If you're running at 120-144fps you're probably not gonna notice microstutter. But it's really bad below 60fps. I got rid of my Crossfire setup because of my CPU going out of date. The games that ran at ~120fps looked fine and dandy.
 
Every time I consider a multicard setup, I run into warnings of microstutter. Now I may be back to considering a single card, but 2560x1440 @120-144hz seems like a tall order for any single card.

That extra money you were going to spend on a second card put it towards a G-sync monitor.

The difference will be far more noticeable than the extra grunt another card will bring.
 
If you're running at 120-144fps you're probably not gonna notice microstutter. But it's really bad below 60fps. I got rid of my Crossfire setup because of my CPU going out of date. The games that ran at ~120fps looked fine and dandy.

Hmmmmm... I'm not quite completely ruling it out but it's such a big investment. It would be crushing if it was more hassle than help.

That extra money you were going to spend on a second card put it towards a G-sync monitor.

The difference will be far more noticeable than the extra grunt another card will bring.

Ha, I was planning on doing both. I have always resisted the urge to go multicard in the past. Right as I start to convince myself that the benefits outweigh the drawbacks, SLI users warn me that the problems are still there.
 
Yeah, I'm in the same boat myself. The situation with DR3 is weird: there are AMD/Nvidia build branches but the game's now a week old and neither party has released drivers. I don't think Capcom actually gave them access to early builds of the game so they could prepare drivers ahead of time and instead they've been scrambling to put together something since it released.
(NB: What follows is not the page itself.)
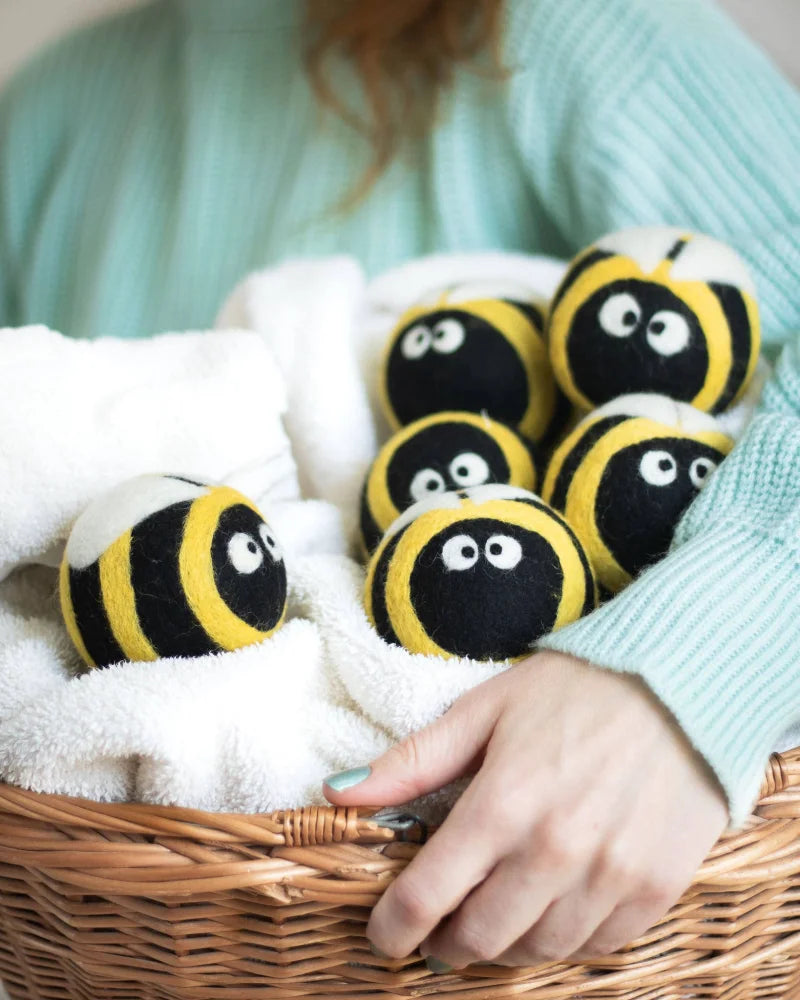 Bee trio eco wool dryer balls shaped like yellow and black bees with embroidered eyes in a white towel basket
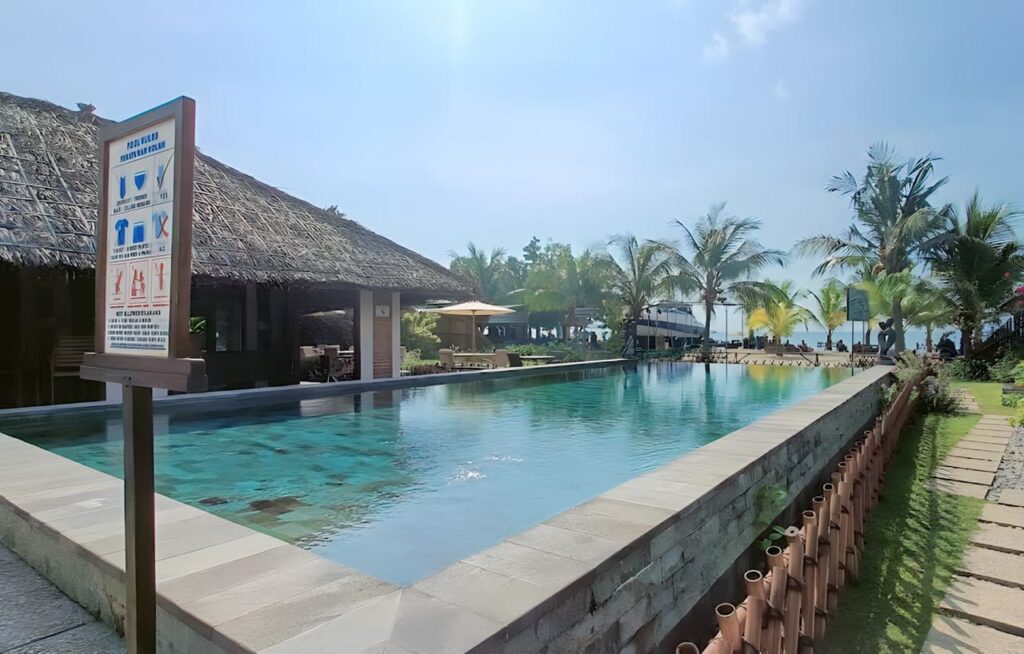 Kolam renang dengan air jernih di resort pantai, dikelilingi pepohonan dan tanda peraturan kolam.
That's likely why the game is a crashfest.
 
Can someone please explain why the scores are practically the same as a 780 TI?
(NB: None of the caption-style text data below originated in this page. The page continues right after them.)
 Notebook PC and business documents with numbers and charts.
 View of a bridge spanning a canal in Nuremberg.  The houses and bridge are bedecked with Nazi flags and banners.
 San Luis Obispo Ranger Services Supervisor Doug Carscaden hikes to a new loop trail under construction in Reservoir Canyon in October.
The hell is that about? I expected it to blow the last iteration of cards out of the water.
 
Heh. We've always got commercial graphene to look forward to :D

I don't think it will be graphene and not until another 15-20 years. We will get to 7nm, fighting and screaming, but we will get there. Whether it's worth the cost will be the thing foundries will need to figure out.

Based on when TSMC claims to start volume production of 16nm (20nm w/FinFET) is Q1 2015. Which means late next year or early 2016 we may finally get an video card upgrade. That depends on if NVIDIA is ready to implement stacked DRAM and what AMD's plans are.
 
It's on 28nm because of chip production issues at AMD and Nvidia's primary supplier.

Ugh!

That is lame. Why even bother releasing a new line if it isn't a real upgrade?

Will this new line of cards at least be released at a cheaper price point to make up for the negligible upgrade?